Molto tempo è trascorso dal più disastroso maremoto della storia recente dell’umanità e insieme alle domande sull’efficacia dei soccorsi, ai dilemmi sulla ricostruzione, un dubbio angoscioso riaffiora continuamente nella mente delle vittime e dei soccorritori.

Hussein Alatas, il più autorevole degli scienziati sociali della Malaysia, lo ha riassunto così: perché un’isola come Sumatra, nella cui area ci sono stati tre maremoti in poco più di cento anni, non era monitorata?

“Rimane il dubbio, dice Alatas, che questa tragedia avrebbe potuto essere evitata”
Ci sono pochi dubbi, invece, sul fatto che gli effetti del disastro avrebbero potuto essere contenuti, se le coste del Sud est asiatico non avessero subito quel “cataclisma a rallentatore” rappresentato dal modello di sviluppo rapido dell’economia, fondato sull’export che ha caratterizzato l’area asiatica negli ultimi quindici – venti anni pochi hanno notato che i Chao – Le, il popolo nomade del mare che gli inglesi hanno impropriamente battezzato con l’epiteto di Sea Gipsy, pur vivendo nella zona colpita dal Tsunami sia in Tailandia che in Birmania, ha minimizzato i danni del maremoto, attraverso le conoscenza tradizionali del mare.

Molte delle coste devastate un tempo erano coperte di foreste di mangrovie dall’India fino ad Aceh, ma da anni sono state tagliate e hanno lasciato il posto agli allevamenti di gamberi, che sono stati oggetto di un dibattito acceso perché identificati come responsabili di un processo di salinizzazione del suolo, di espropriazione degli abitanti dei villaggi, di pericolosità del prodotto per la salute. Poco si è discusso del fatto che le vasche di trenta metri riva costruite a ridosso del mare, lasciano la costa del tutto indifesa. Vanno aggiunte l’espansione delle costruzioni, gli alberghi schierati in prima fila tutti con le finestre con vista mare, l’erosione della linea di spiaggia, la sovrapopolazione turistica ed altre cause legate alla pressione umana.

Le coste dell’Asia colpite sembravano preparate ad accogliere nel modo peggiore un disastro che, si pensava, forse non sarebbe mai arrivato.

Le mangrovie hanno sempre avuto la funzione di rompere le onde, attenuare gli effetti delle maree che inondano la terra almeno due volte al mese, aumentando la portata, nel giorno della luna piena , ma con l’ambiguità della loro collocazione tra terra e mare aiutano la vita marina. Lungo le coste tailandesi del Mar delle Andamane, le mangrovie coprono oggi il 15% delle rive, mentre solo 10 anni fa rappresentavano il 33% della linea costiera. Il numero delle vittime del Tsunami sono più di 300.000.

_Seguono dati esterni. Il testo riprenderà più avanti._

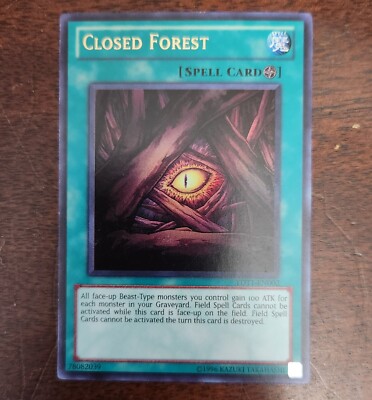 Closed Forest (5D's Duel Transer) YDT1-EN002 Yu-Gi-Oh! Promo Near Mint-image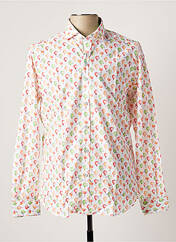 Chemise manches longues orange DARIO BELTRAN pour homme seconde vue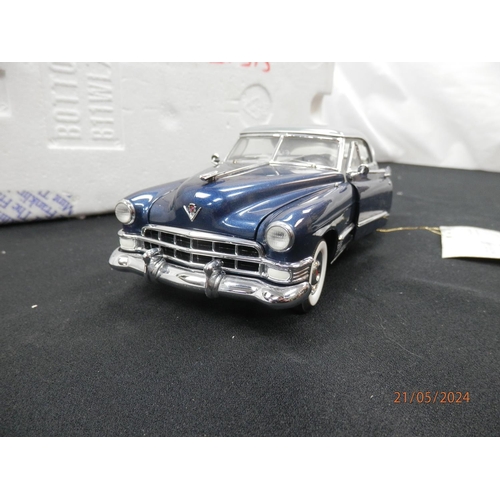 393 - Mint and Boxed Franklin Mint 1949 Cadillac Coupe Del Ville Diecast Car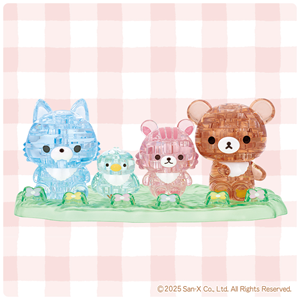 チャイロイコグマとおともだちがクリスタルパズルに新登場♪ | San-x網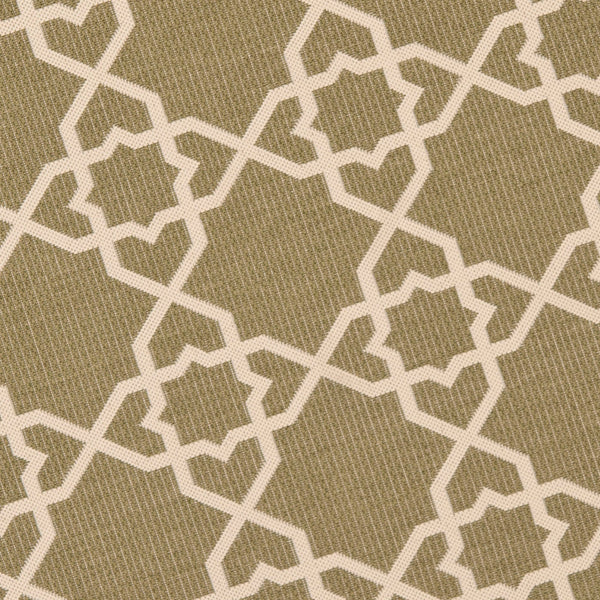 Safavieh Cy6032 Power Loomed 85.4% Polypropylene/10.4% Polyester/4.2% Latex Outdoor Rug CY6032-244-5R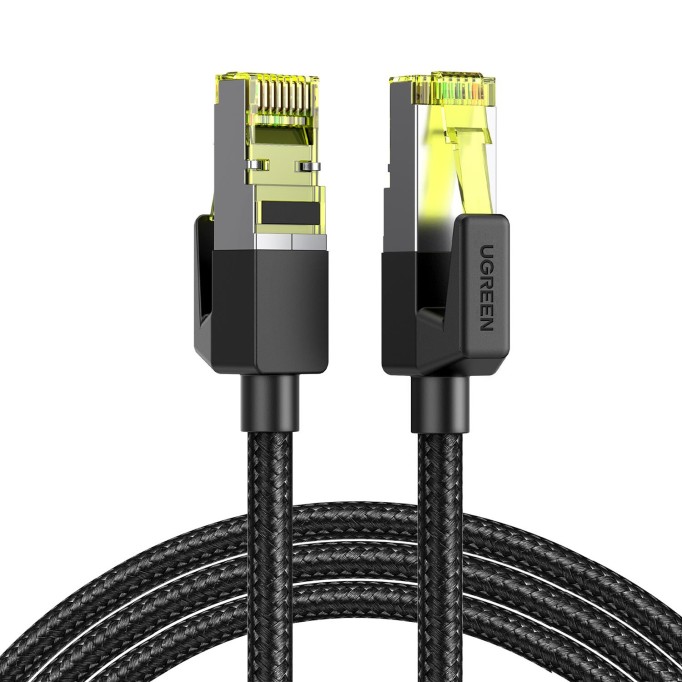 Ugreen CAT7 Örgülü F/FTP 10Gbps RJ45 Ethernet Kablosu 20 Metre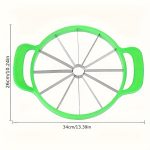 TEMU 1pc Watermelon Slicer, Creative Watermelon Cutter, Stainless Steel Watermelon Divider, Reusable Watermelon Slicer, Fruit Divider – Kitchen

Nel 1883 il vulcano Krakatoa esplose. Produsse una nuvola che modificò il clima nel successivo 1884 e generò un’onda che uccise 35.000 persone in Indonesia, Bangladesh ed altri paesi dell’area. Il 10% di vite umane del Tsunami del 2004. La differenza di queste cifre ci dice in modo immediato che informazione diffusa e prevenzione ambientale sono due misure che siamo obbligati a prendere immediatamente perché l’urgenza di un governo saggio ed unitario del mondo, non è più rinviabile. Il maremoto ci ha lasciati attoniti per la morte di tante persone, ma anche le conseguenze sull’ambiente sono state pesanti e avranno effetti che oggi non riusciamo a valutare.

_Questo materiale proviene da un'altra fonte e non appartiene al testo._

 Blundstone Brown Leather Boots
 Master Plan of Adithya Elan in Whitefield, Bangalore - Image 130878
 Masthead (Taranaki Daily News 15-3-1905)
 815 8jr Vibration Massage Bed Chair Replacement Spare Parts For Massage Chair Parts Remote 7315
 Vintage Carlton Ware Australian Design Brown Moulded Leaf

I reef corallini e le praterie di rupie, le piante con fiore che sono il cibo di dugonghi e di molti pesci, sono danneggiati dalla violenza dell’impatto dell’onda anomala, dalla polvere bianca ricaduta sui coralli, dalle auto,barche, mobili scaraventati sul fondo del mare. A Surin un’isola tailandese confinante con i bellissimi arcipelaghi della Birmania, il banco di corallo più grande del Mar delle Andatane, che misura 8 Kmq., ha almeno 2 Kmq. morti.

La distruzione dell’ambiente presenta ora un grave rischio per la ricostruzione e la qualità della vita delle popolazioni locali. Può accadere  che lo straordinario flusso di aiuti da tutto il mondo venga usato per accentuare il modello industriale per l’export e che il mondo delle culture locali della costa, già percosso così duramente, subisca uno scacco irreparabile verso la marginalizzazione e l’estinzione.

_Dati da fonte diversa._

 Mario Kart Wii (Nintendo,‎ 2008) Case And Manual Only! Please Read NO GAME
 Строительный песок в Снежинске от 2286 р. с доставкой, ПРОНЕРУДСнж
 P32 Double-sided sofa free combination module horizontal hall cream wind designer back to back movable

Si perderebbero esperienze di riscoperta dell’Asia dei villaggi e di inserimento di know how tradizionali nei segmenti di mercato internazionale dove lo scambio, realmente corrispondente ala dimensione dei nuovi consumi, è un rapporto non solo monetario, ma un incontro tra domanda di stile di vita e offerta di produzione assennata. Per ora, al di là dei temi dell’emergenza  della solidarietà, ogni attenzione dei governi dei paesi colpiti sembra orientata al turismo di massa e all’industria di allevamento di gamberi, che per rimanere ai dati del 2003, assicurava un’export di 125.000 tonnellate per totale di 967 milioni di USS, ad investitori di medie – grandi dimensioni.

L’industria è stata danneggiata, soprattutto per la perdita delle larve dei gamberi stivate in contenitori vicino alle vasche. Ma chi può dire oggi a quanto assommi il danno provocato dalla costruzione degli stessi allevamenti lungo la costa ?
Il danno inflitto alla produzione locale da parte di questa industria di cibo falsamente di lusso e in realtà di massa, è già stato notevole negli ultimi venti anni.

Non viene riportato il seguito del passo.